• **STORED DATA**:
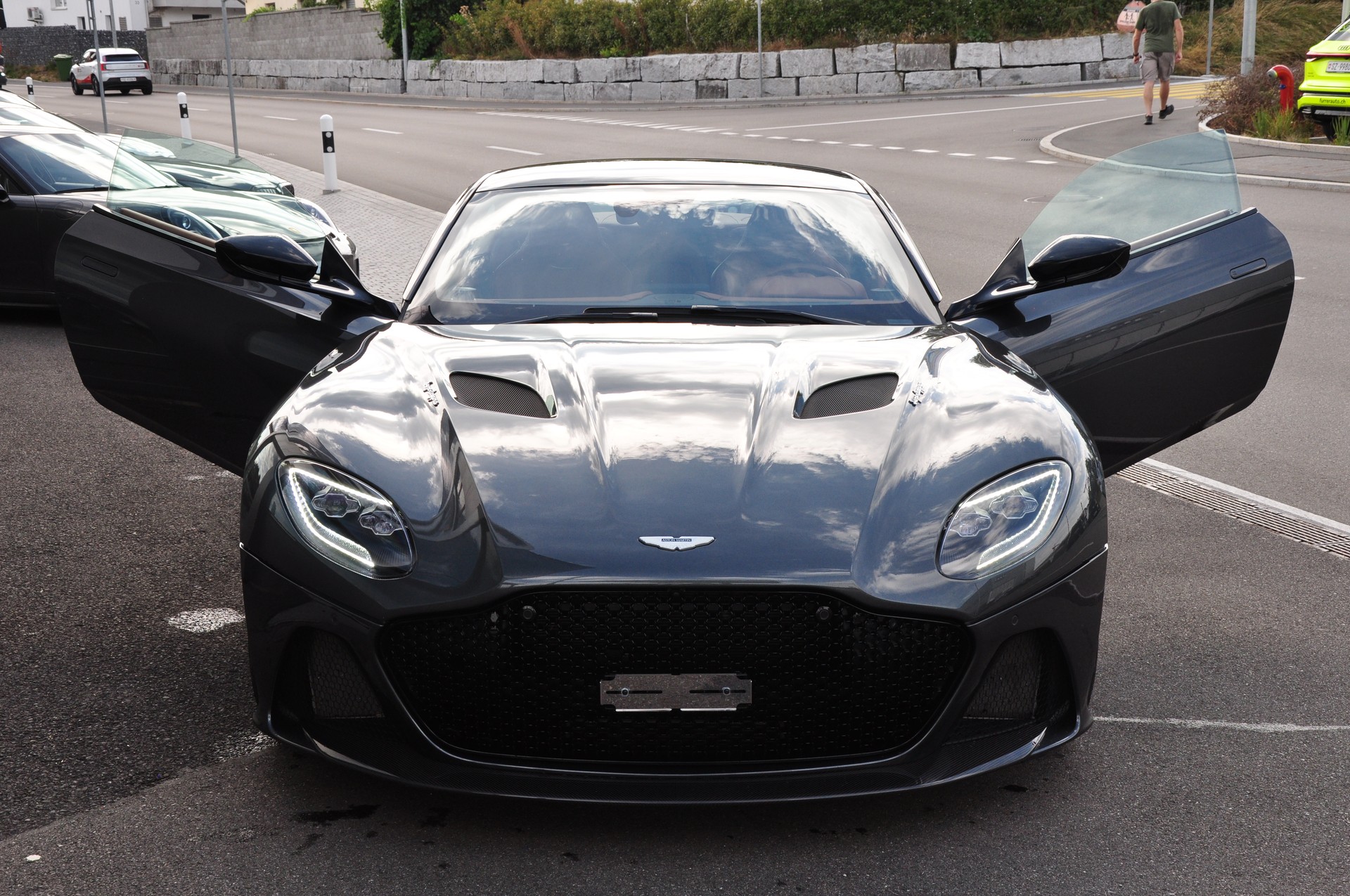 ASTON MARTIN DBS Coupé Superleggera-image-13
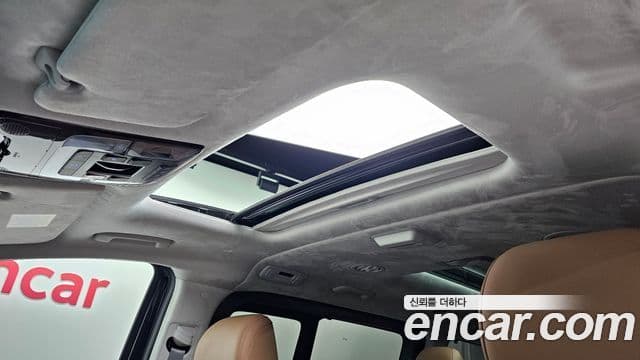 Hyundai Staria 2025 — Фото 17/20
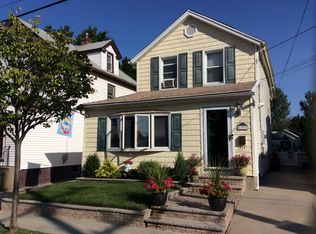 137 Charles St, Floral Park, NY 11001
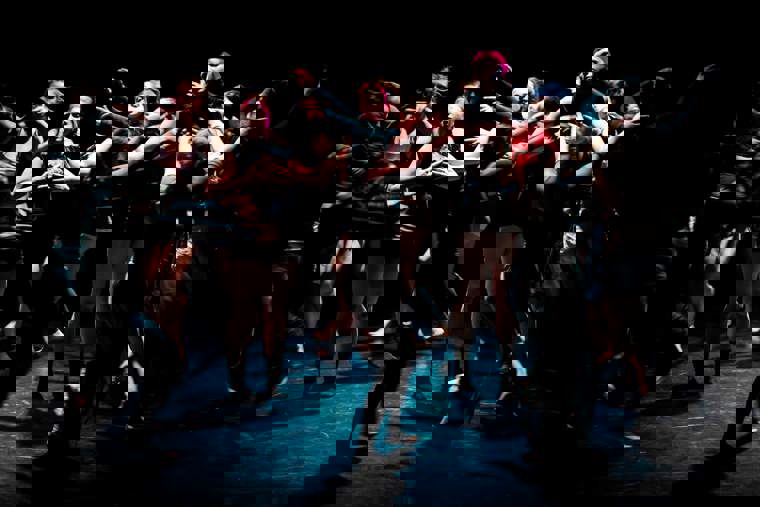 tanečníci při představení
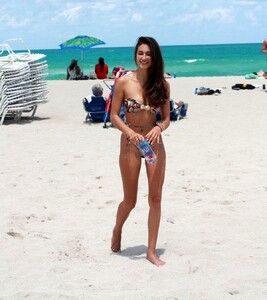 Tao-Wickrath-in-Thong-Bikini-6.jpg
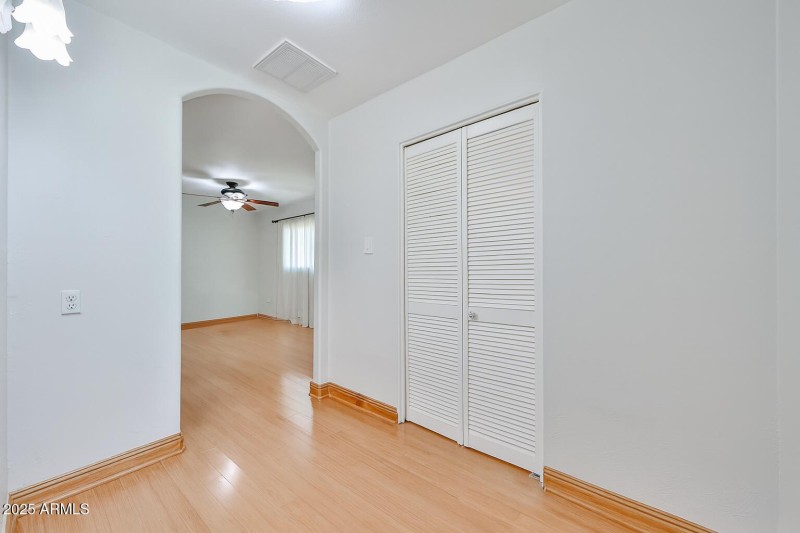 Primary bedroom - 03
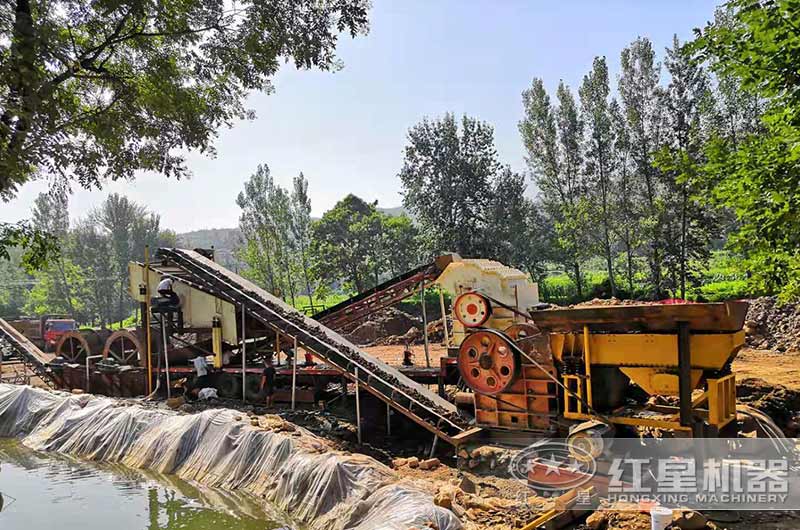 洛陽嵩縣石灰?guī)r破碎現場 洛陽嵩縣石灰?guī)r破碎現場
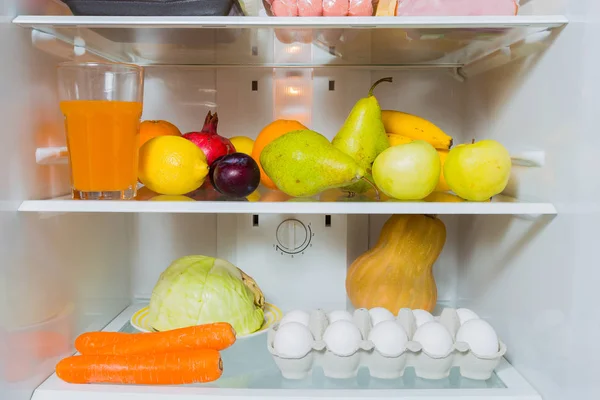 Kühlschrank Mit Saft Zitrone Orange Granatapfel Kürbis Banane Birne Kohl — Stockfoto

• **TASK TO CARRY OUT**: Leaving the pictures aside, output each entry above exactly as written.

• **WRITTEN SOLUTION**:
 ASTON MARTIN DBS Coupé Superleggera-image-13
 Hyundai Staria 2025 — Фото 17/20
 137 Charles St, Floral Park, NY 11001
 tanečníci při představení
 Tao-Wickrath-in-Thong-Bikini-6.jpg
 Primary bedroom - 03
 洛陽嵩縣石灰?guī)r破碎現場 洛陽嵩縣石灰?guī)r破碎現場
 Kühlschrank Mit Saft Zitrone Orange Granatapfel Kürbis Banane Birne Kohl — Stockfoto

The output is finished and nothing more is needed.